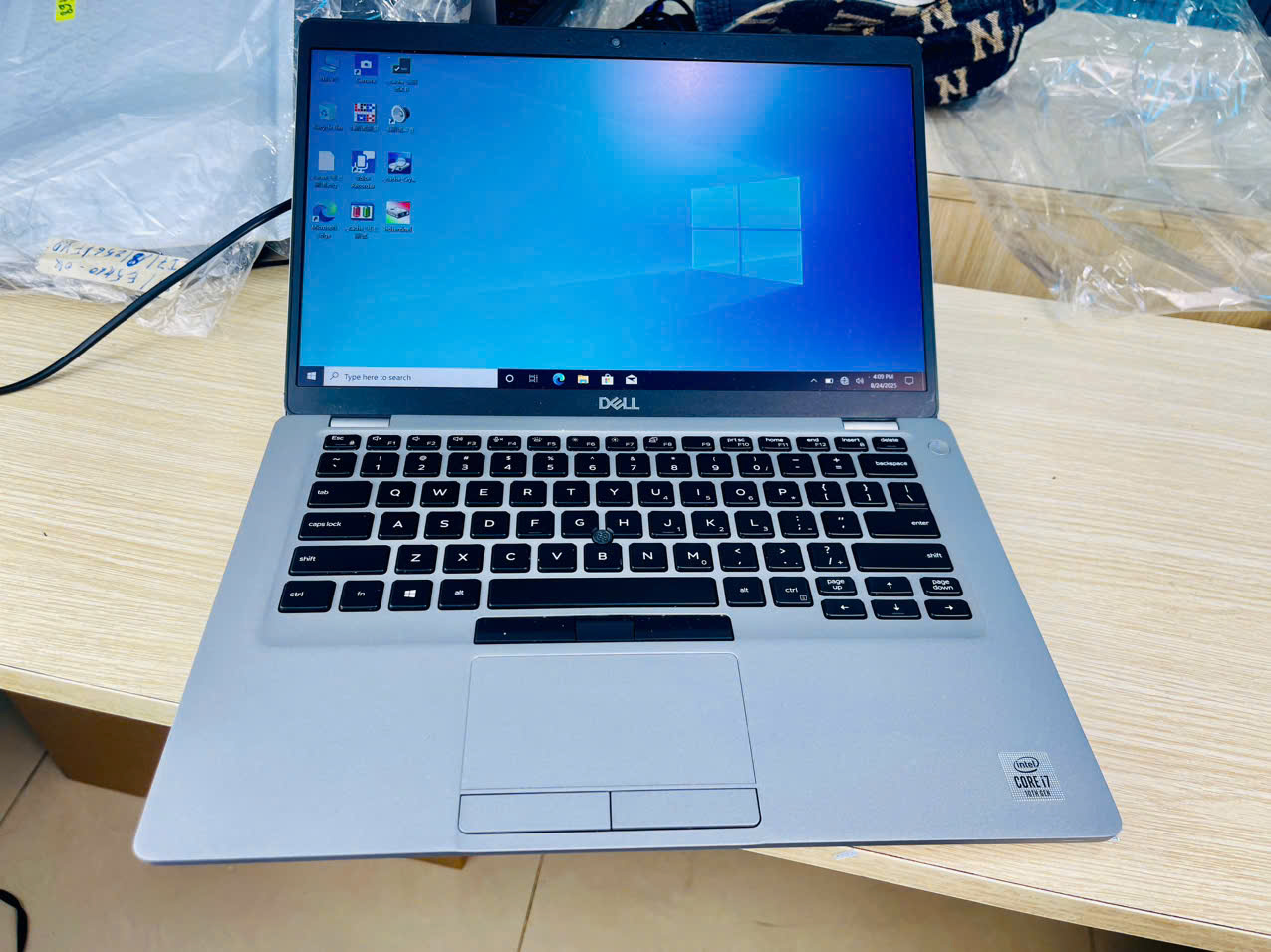 Hình ảnh Dell Latitude 5410 Laptop, Intel Core i5-10310U, 8GB RAM, 256GB SSD,14.0 Inch FHD, Win10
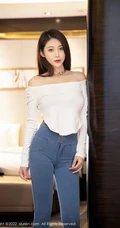 娇柔动人气质轻熟汐汐baby紧身牛仔长裤的魅力，尽显凹凸有致曼妙身材
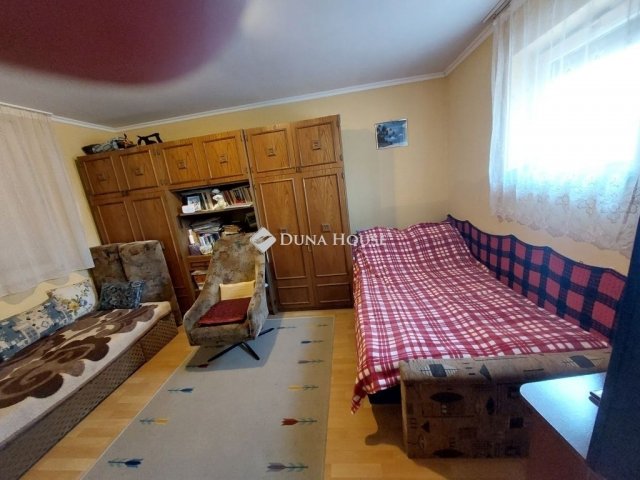 Eladó mezogazdasagi ingatlan, Baján 25 M Ft, 2 szobás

WHAT THE TASK ASKS> Only the lines from the one with "娇柔动人气质轻熟汐汐baby紧身牛仔长裤的魅力，尽显凹凸有致曼妙身材" to the last line of the listing, inclusive, are to be set down, exactly as they stand and without pictures.

OUTPUT FOR THIS TASK>
 娇柔动人气质轻熟汐汐baby紧身牛仔长裤的魅力，尽显凹凸有致曼妙身材
 Eladó mezogazdasagi ingatlan, Baján 25 M Ft, 2 szobás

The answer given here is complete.